Friday, 30 April 2010

In Harm's Way

"And there's another country": Stoicism and sacrifice, the virtues that permitted a nation of barely one million citizens to bear the loss of 18,000 of its children in the First World War, are no longer much valued in the hyper-sentimentalised mass culture of the 21st Century.

THREE YOUNG SERVICEMEN die when a RNZAF Iroquois helicopter crashes into the hills above Pukerua Bay on ANZAC Day, 2010.

The bare facts: Who? What? Where? When?

We’ll wait a little longer, I suspect, for the How? And the Why?

And behind the bare facts – as always – are the torn and floating webs of family and friendship. Stories that could fill volumes. A private grief that never wholly departs. That aching sense of absence, that bitter taste upon the tongue, every time April 25th rolls ‘round.

For the families, friends and comrades left behind, ANZAC Day will never be the same.

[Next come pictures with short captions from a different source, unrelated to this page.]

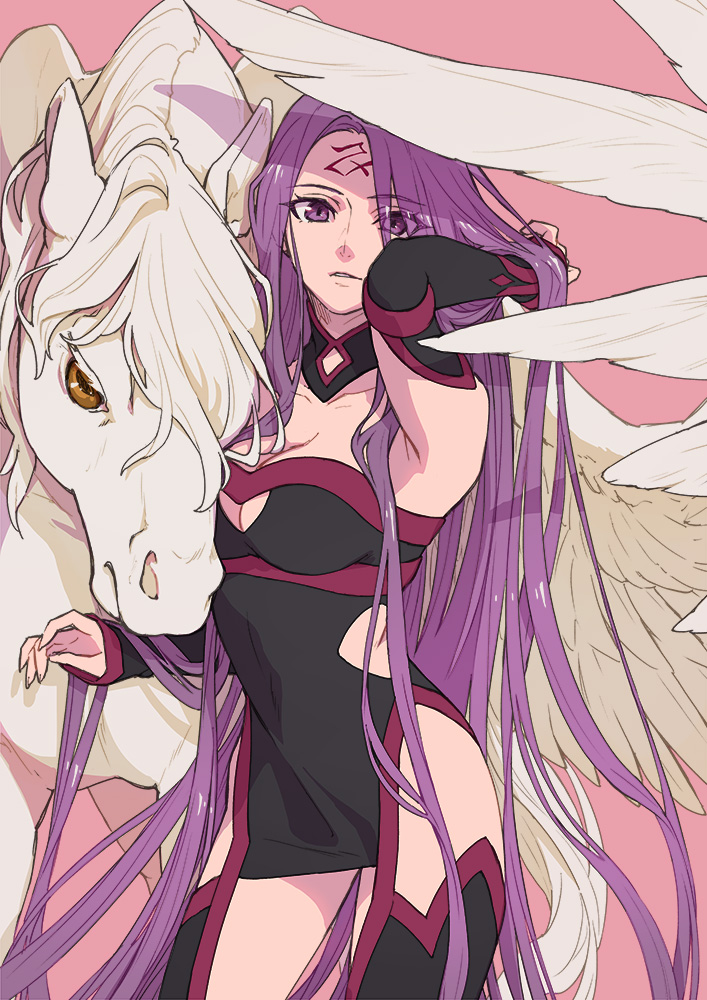 1girl breasts collarbone cowboy_shot detached_sleeves eyes_visible_through_hair facial_mark fate/stay_night fate_(series) forehead_mark isshoku_(shiki) large_breasts long_hair looking_at_viewer medusa_(fate) medusa_(rider)_(fate) medusa_(rider)_(third_ascension)_(fate) parted_lips pegasus pink_background purple_eyes purple_hair shadow simple_background solo square_pupils standing teeth very_long_hair wings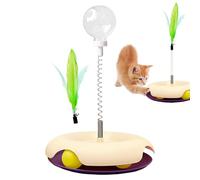 Cat Treat Toy, Cat Puzzle Toy, Treat Dispenser for Cats, Interactive Cat Toy, Cat Puzzle Feeder, Multifunctional Cat Toy, Feather Toy for Cats, Cat Ball Toy, Interactive Feeder Ball, Cat Treat Puzzle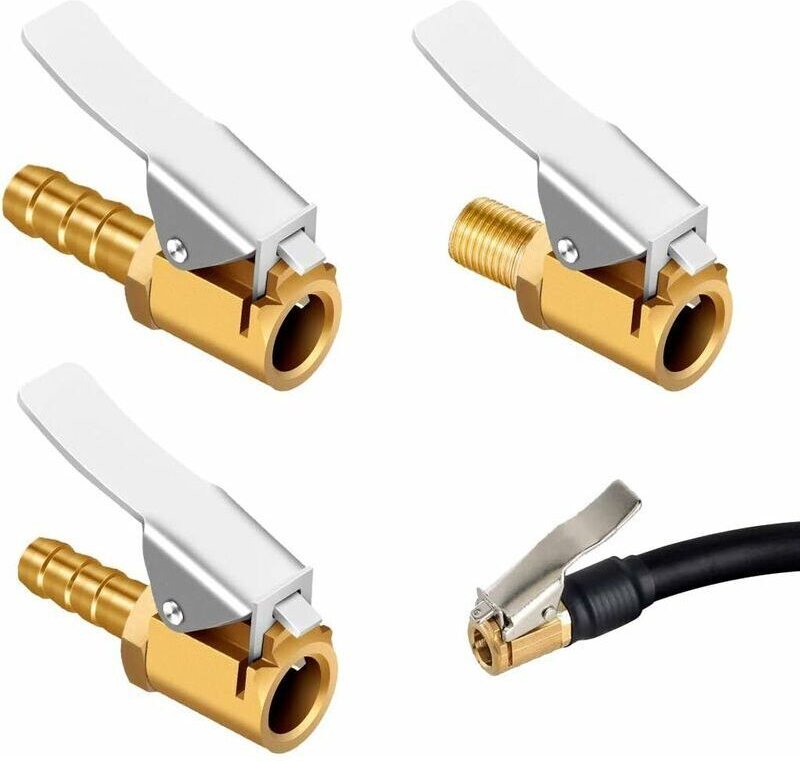 3-teiliges Messing-Aufblasventil, Luftpumpenklemme, Aufblasventilanschluss, Autoreifenventiladapter, für Auto- oder LKW-...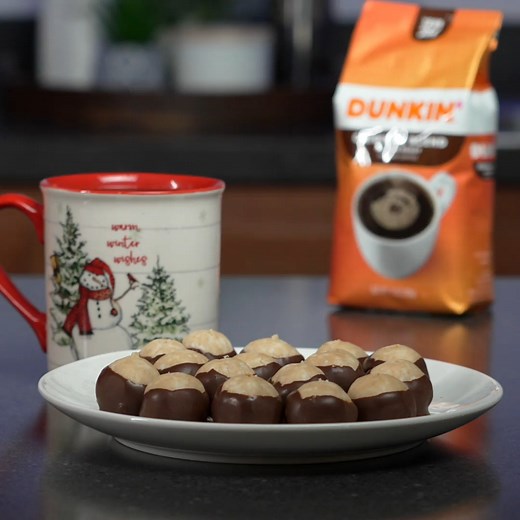 Lookiing for a peanut butter fix? Try Peanut Butter Buckeyes. Made with Jif® creamy peanut butter and dipped in chocolate, these are sure to satisfy that peanut butter craving! Get the recipe - https://www.weismarkets.com/recipes/jif-peanut-butter-buckeyes/27964 | Weis Markets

There was so much we could have learned from this accident. An opportunity to follow the vivid threads of history back to the events that gave birth to the whole tradition of ANZAC Day commemoration. Tragically, however, we allowed this chance to link the raw emotions of the present with the thoughts and feelings of the past to slip through our fingers.

Instead of displaying the stoicism that a soldier’s death demands, we have been encouraged to wallow in the worst kind of public sentimentality. Our heartstrings have been worn to breaking-point by the news media’s relentless bows. Our capacity for sober reflection overwhelmed by the insistent journalistic clamour for everyone – from the Prime Minister on down – to emote, emote, emote!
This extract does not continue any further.